··· Collected material ···

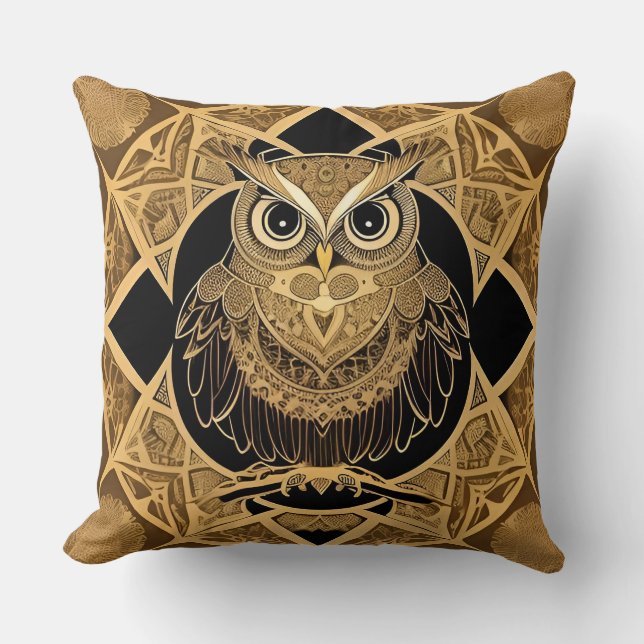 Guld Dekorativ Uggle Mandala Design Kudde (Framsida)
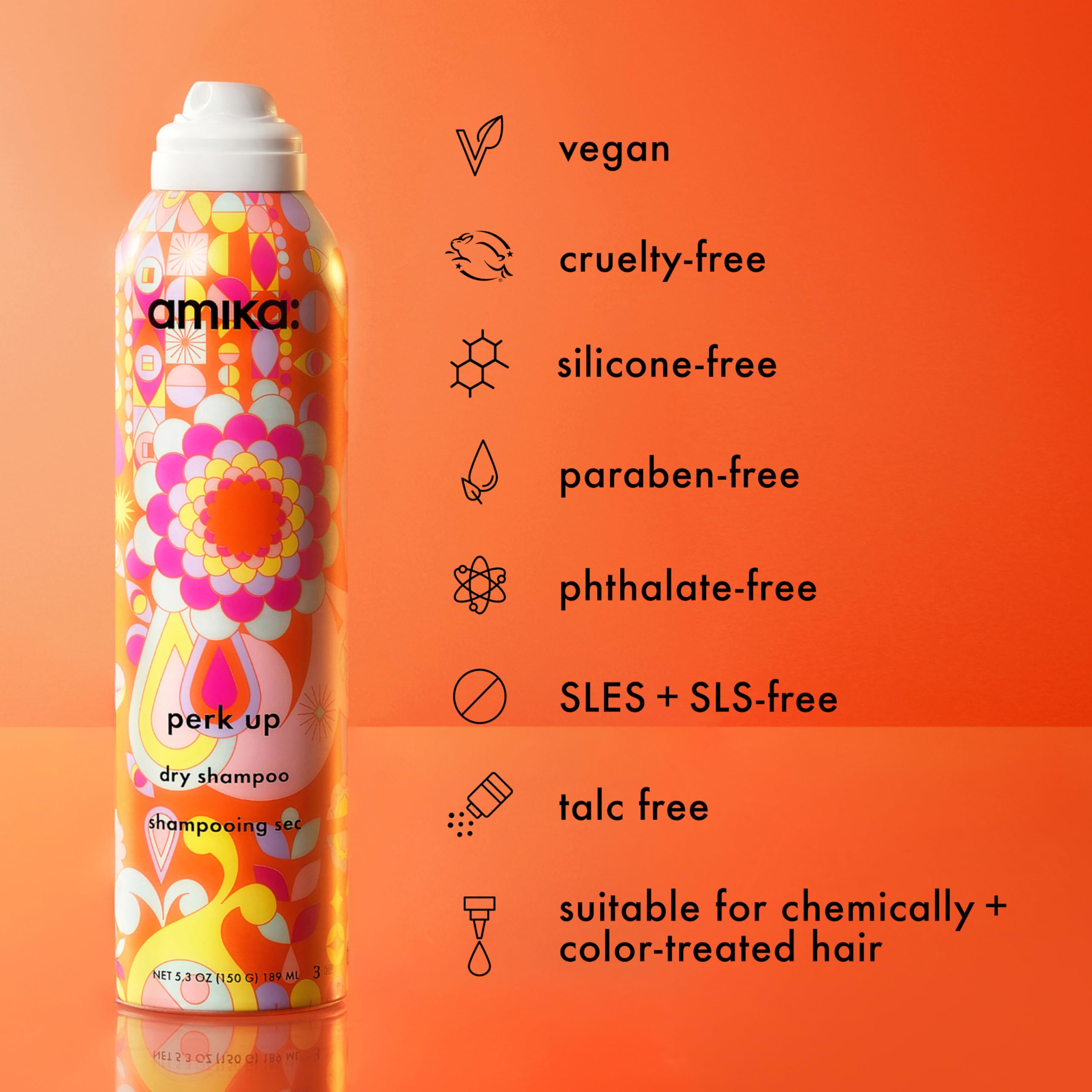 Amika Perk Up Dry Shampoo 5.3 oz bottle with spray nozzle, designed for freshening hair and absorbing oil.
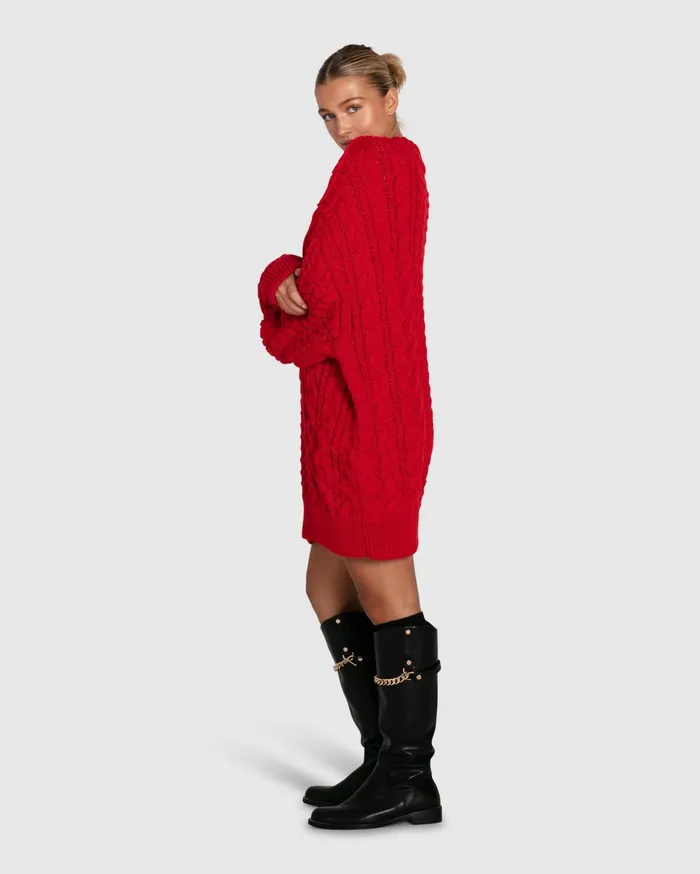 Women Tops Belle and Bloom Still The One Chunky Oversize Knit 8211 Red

···

Please print the data above once more, exactly and without images.

* **Answer section**:
 Guld Dekorativ Uggle Mandala Design Kudde (Framsida)
 Amika Perk Up Dry Shampoo 5.3 oz bottle with spray nozzle, designed for freshening hair and absorbing oil.
 Women Tops Belle and Bloom Still The One Chunky Oversize Knit 8211 Red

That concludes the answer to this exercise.